----- DATA UNDER STUDY

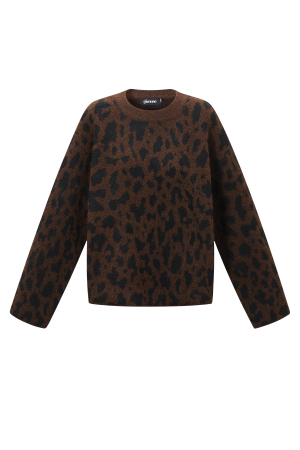 Pull Chaud Léopard h5 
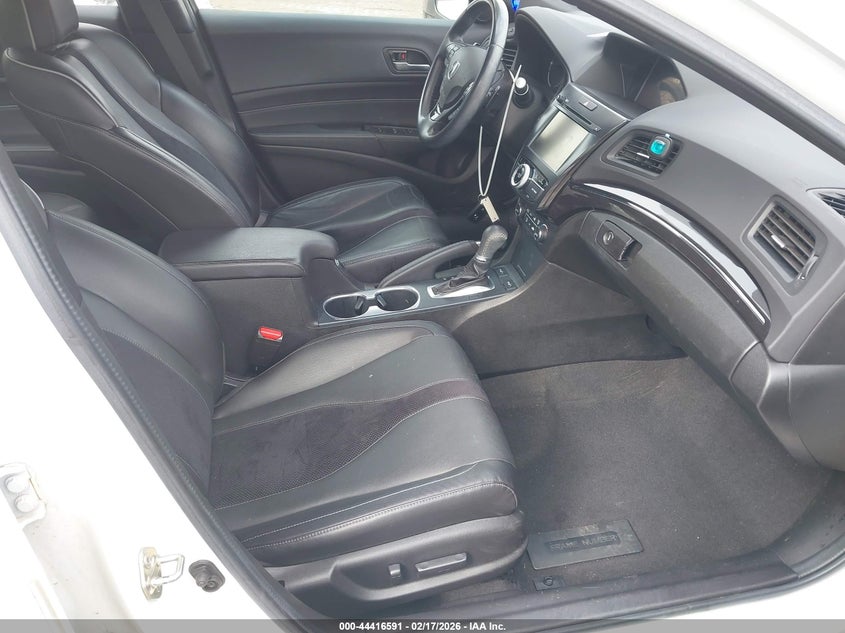 2019 Acura Ilx Premium A-Spec Packages/Technology A-Spec Packages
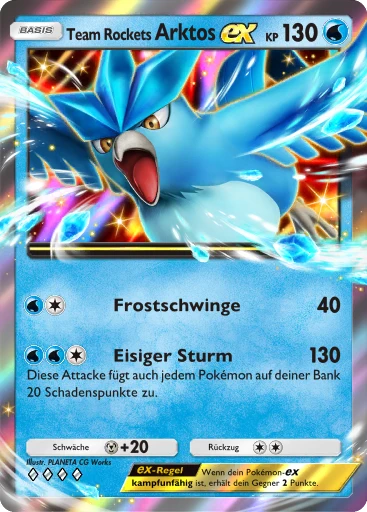 Team Rockets Arktos-ex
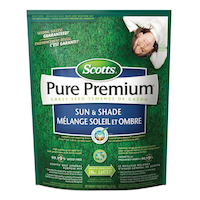 Semences à gazon Scotts Pure Premium soleil et ombre, 1 kg Front_Flat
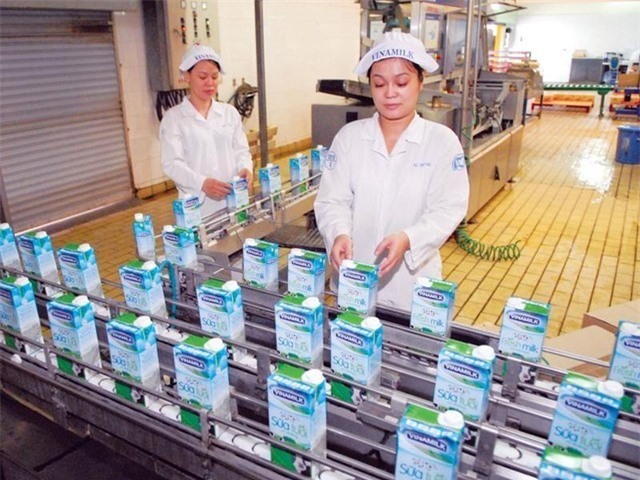 Nhà nước đang sở hữu 45,1% cổ phần của Vinamilk, trị giá khoảng 2,4 tỷ USD.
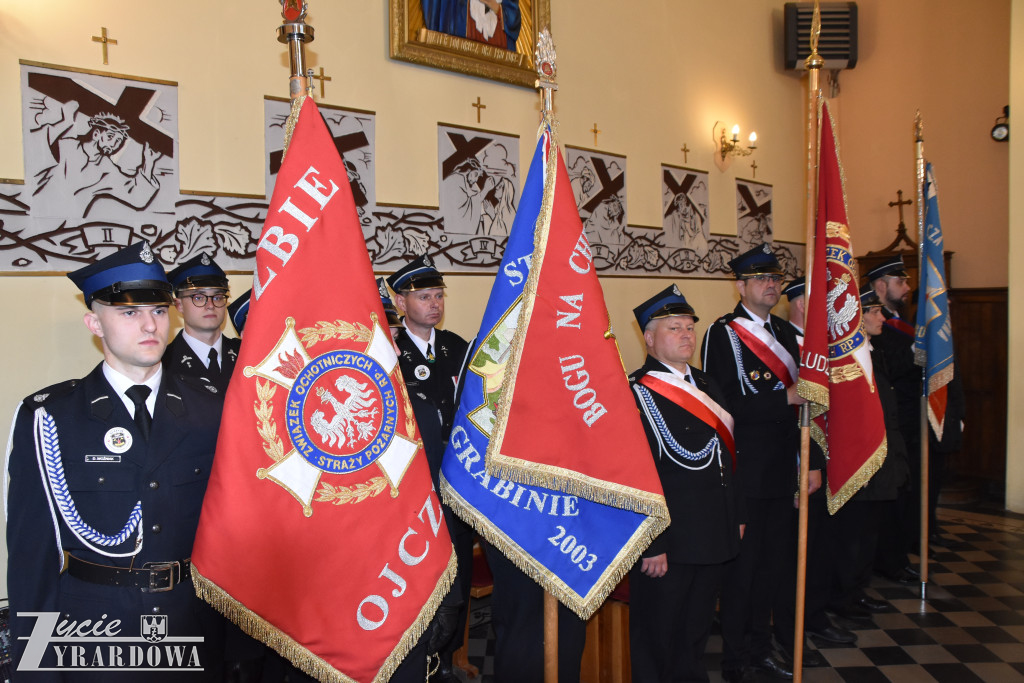 Jubileusz 95-lecia u rycerzy św. Floriana w Bartnikach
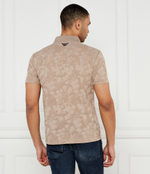 Поло EA7 - бежевый(7M000049 AF13917)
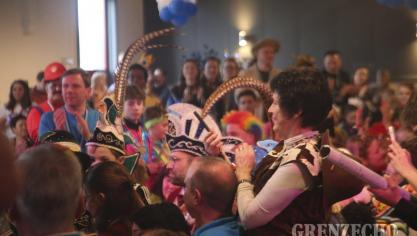 <p>Kinderprinzenproklamation in Raeren</p>
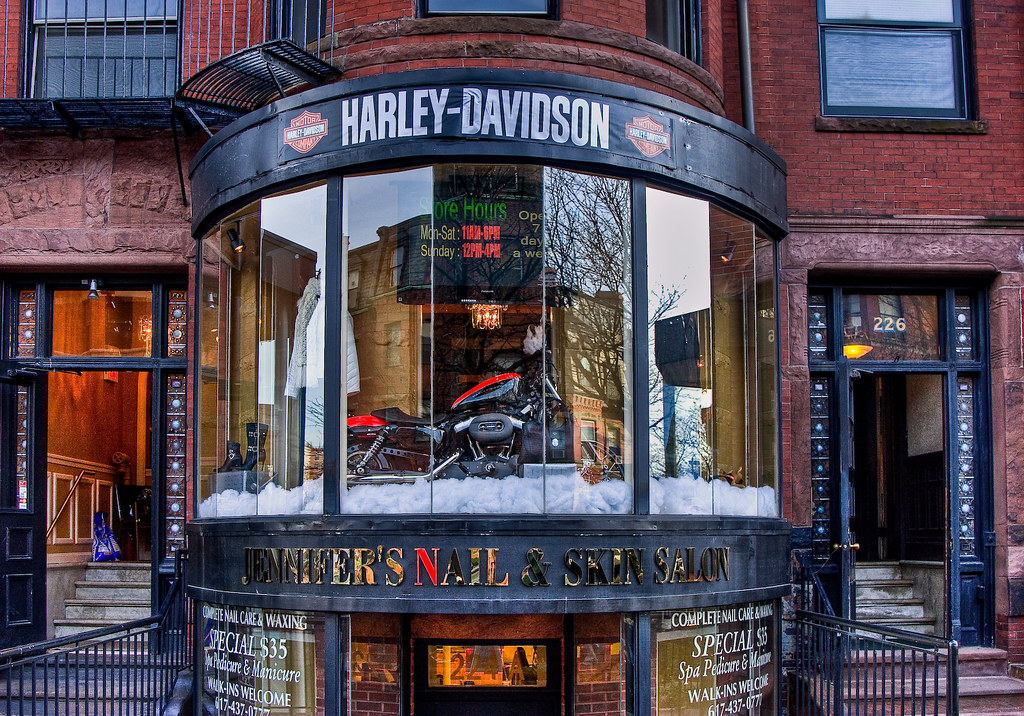 Boston Harley-Davidson in Milton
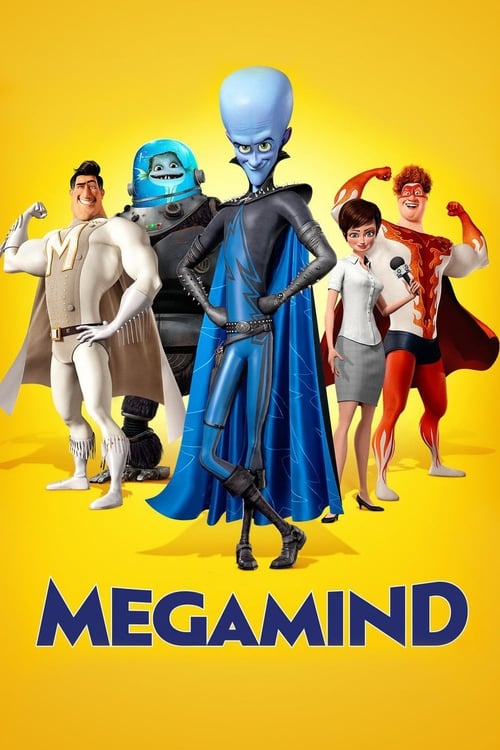 Megamind постер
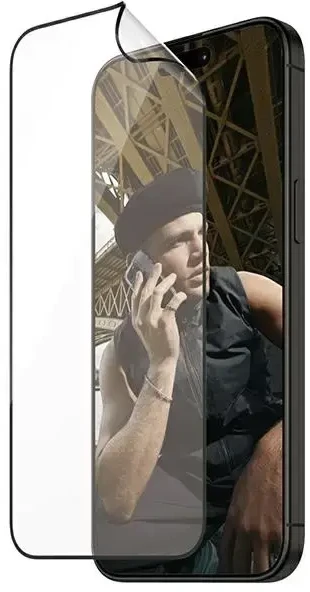 Panzer Glass PanzerGlass™ MATRIX ekrano apsauga su D3O iPhone 15 Pro | Itin platus pritaikymas w. AlignerKit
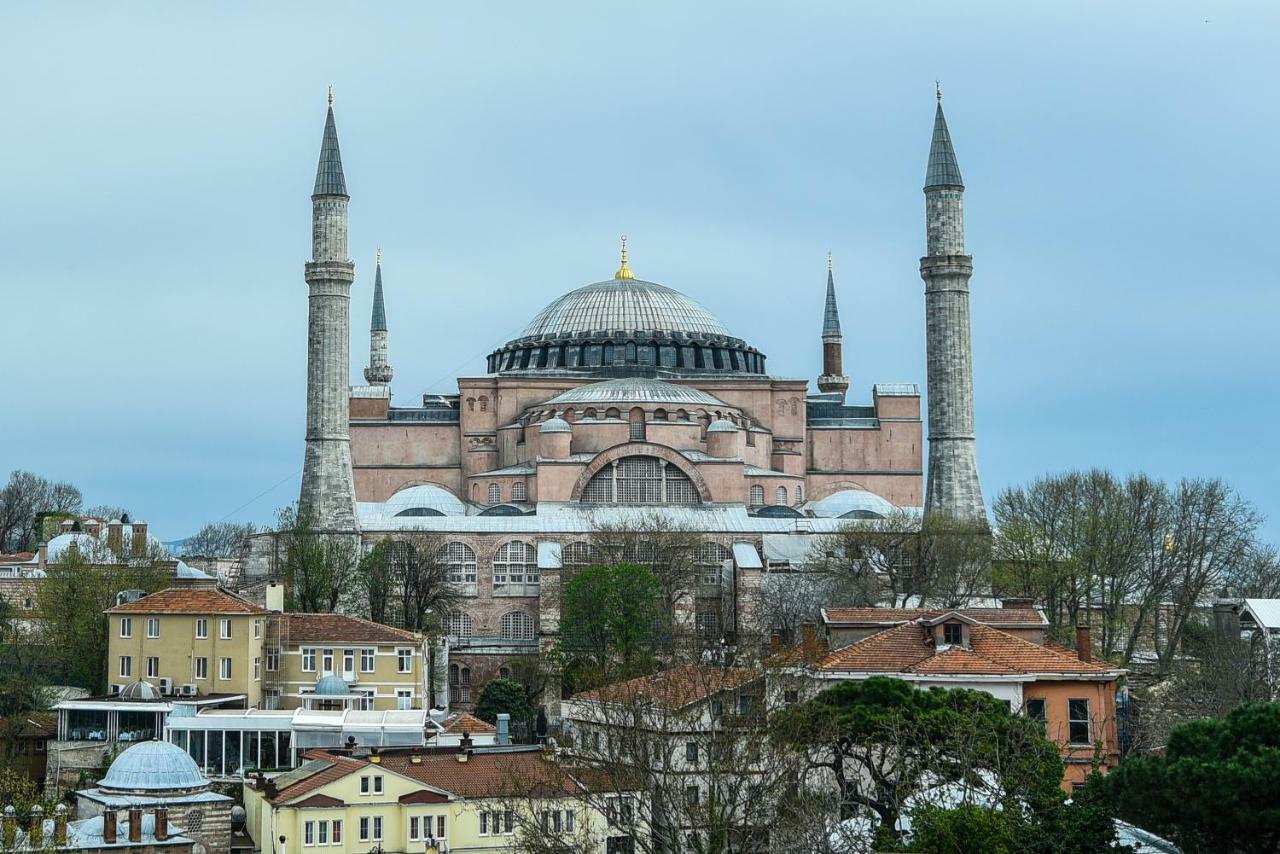 Bon Hotel Old City Istanbul Exterior foto
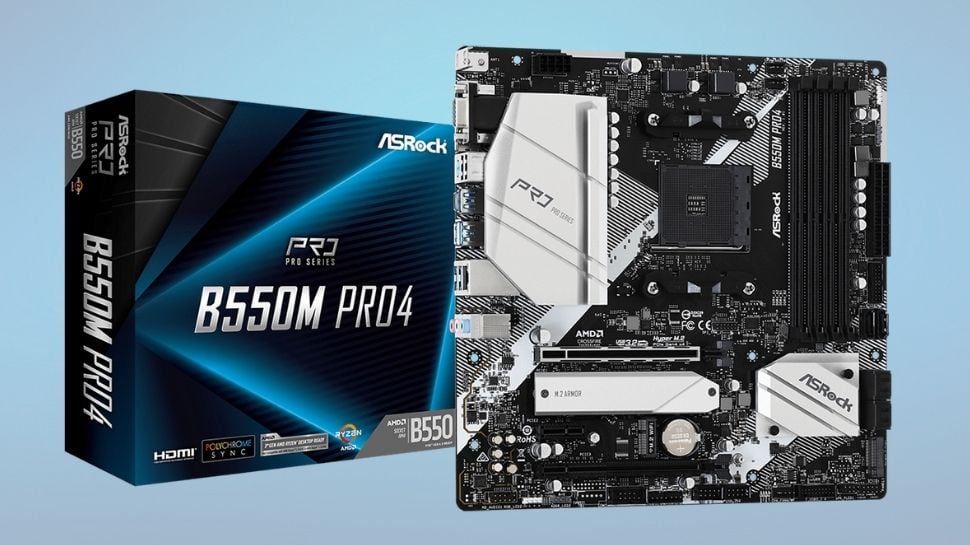 Asrock B550M Pro4 Motherboard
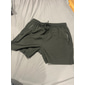 Homme Short athlétique 3 pouces Short Shorts d'entraînement Short Court Short Running Course avec doublure en maille Poche zippée Conception de cordon élastique Couleur unie Respirable Séchage rapide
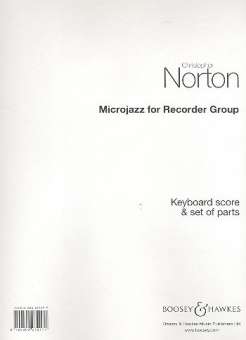 Microjazz for recorder group :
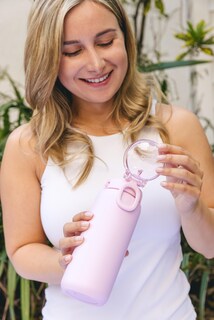 Foto 2 | Botella De Agua Ello Cooper 530 Ml De Acero Inoxidable, Cachemir, Color Rosa - Venta Internacional.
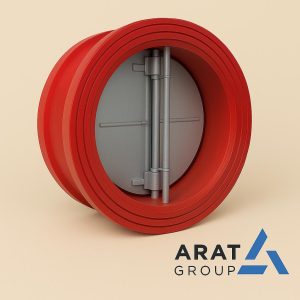 شیر یک‌طرفه FIVALCO 3 اینچ مدل Double Door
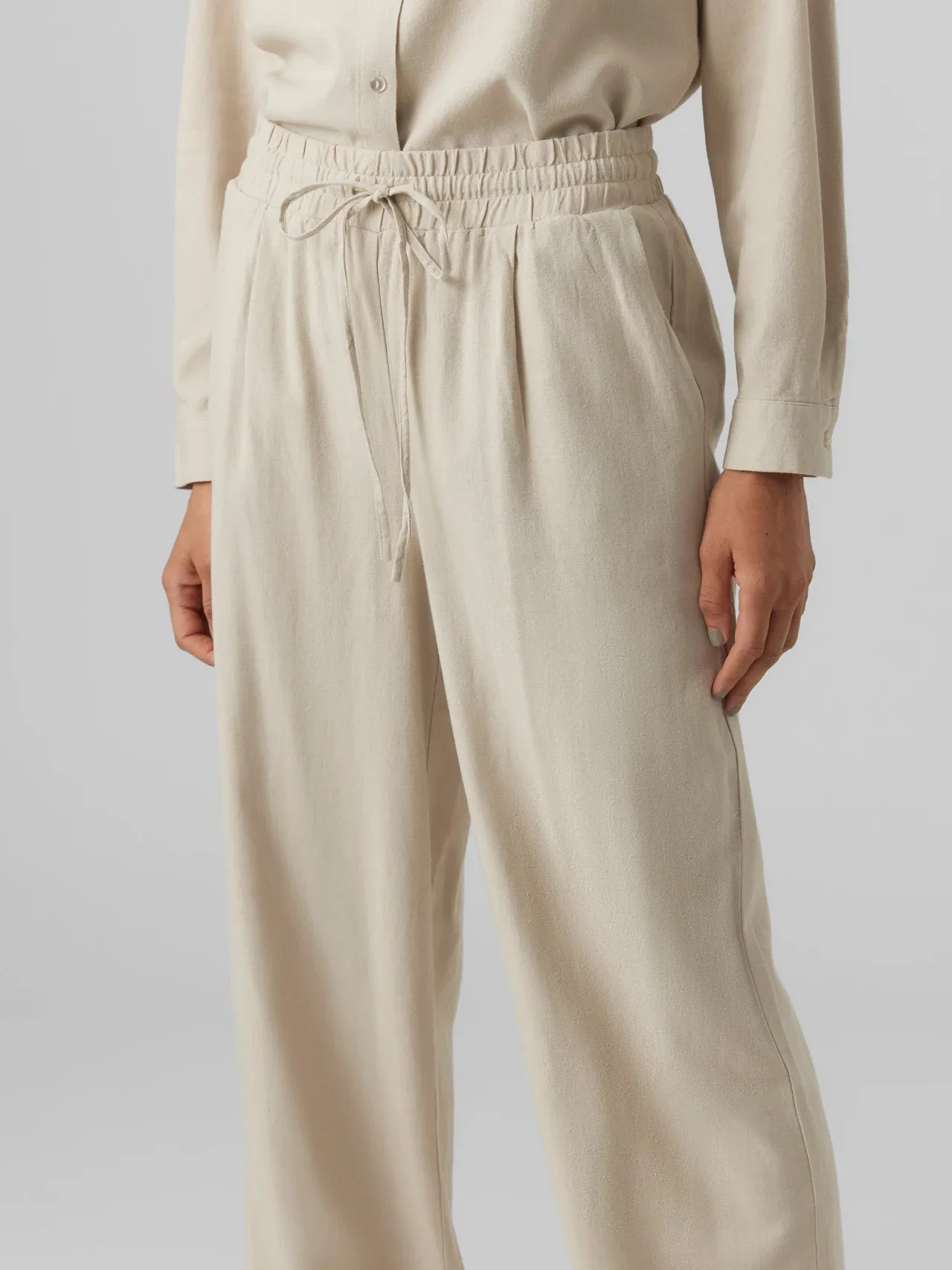 Linen Pants Night Out City Walk Minimalist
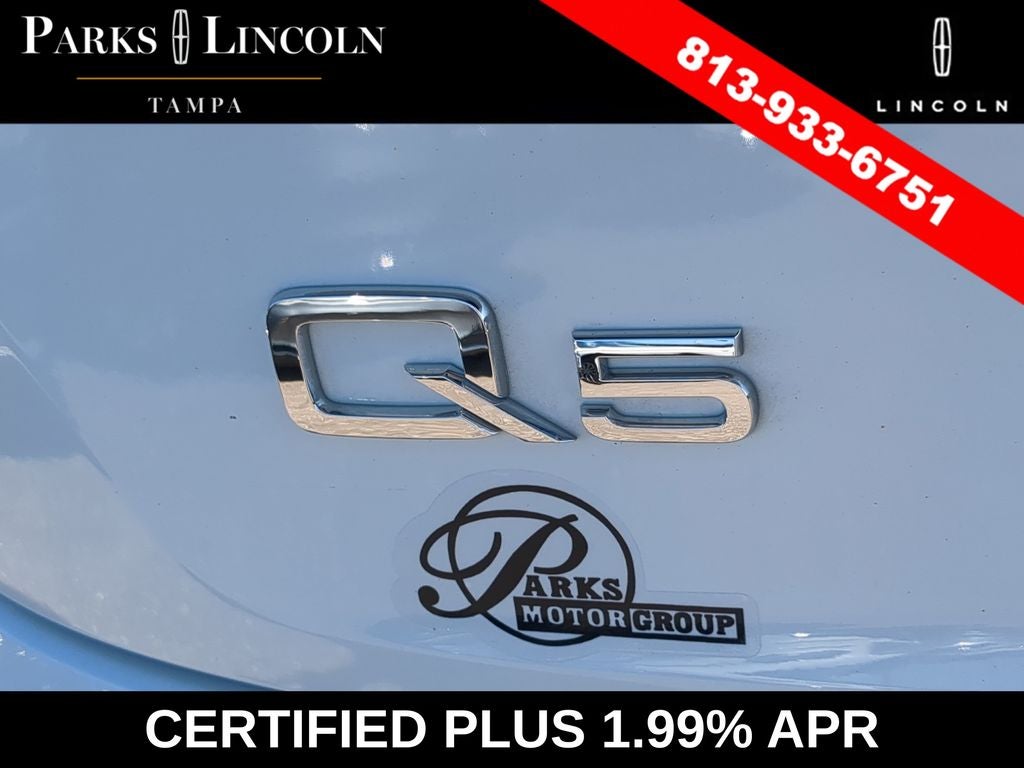 2022 Audi Q5 40 Premium quattro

----------

_WORK TASK:_
Could you reproduce exactly, and only, the lines from the start of the records through the line containing "Foto 2 | Botella", leaving out the pictures?

_ANSWER TO THIS PROBLEM:_
 Pull Chaud Léopard h5 
 2019 Acura Ilx Premium A-Spec Packages/Technology A-Spec Packages
 Team Rockets Arktos-ex
 Semences à gazon Scotts Pure Premium soleil et ombre, 1 kg Front_Flat
 Nhà nước đang sở hữu 45,1% cổ phần của Vinamilk, trị giá khoảng 2,4 tỷ USD.
 Jubileusz 95-lecia u rycerzy św. Floriana w Bartnikach
 Поло EA7 - бежевый(7M000049 AF13917)
 <p>Kinderprinzenproklamation in Raeren</p>
 Boston Harley-Davidson in Milton
 Megamind постер
 Panzer Glass PanzerGlass™ MATRIX ekrano apsauga su D3O iPhone 15 Pro | Itin platus pritaikymas w. AlignerKit
 Bon Hotel Old City Istanbul Exterior foto
 Asrock B550M Pro4 Motherboard
 Homme Short athlétique 3 pouces Short Shorts d'entraînement Short Court Short Running Course avec doublure en maille Poche zippée Conception de cordon élastique Couleur unie Respirable Séchage rapide
 Microjazz for recorder group :
 Foto 2 | Botella De Agua Ello Cooper 530 Ml De Acero Inoxidable, Cachemir, Color Rosa - Venta Internacional.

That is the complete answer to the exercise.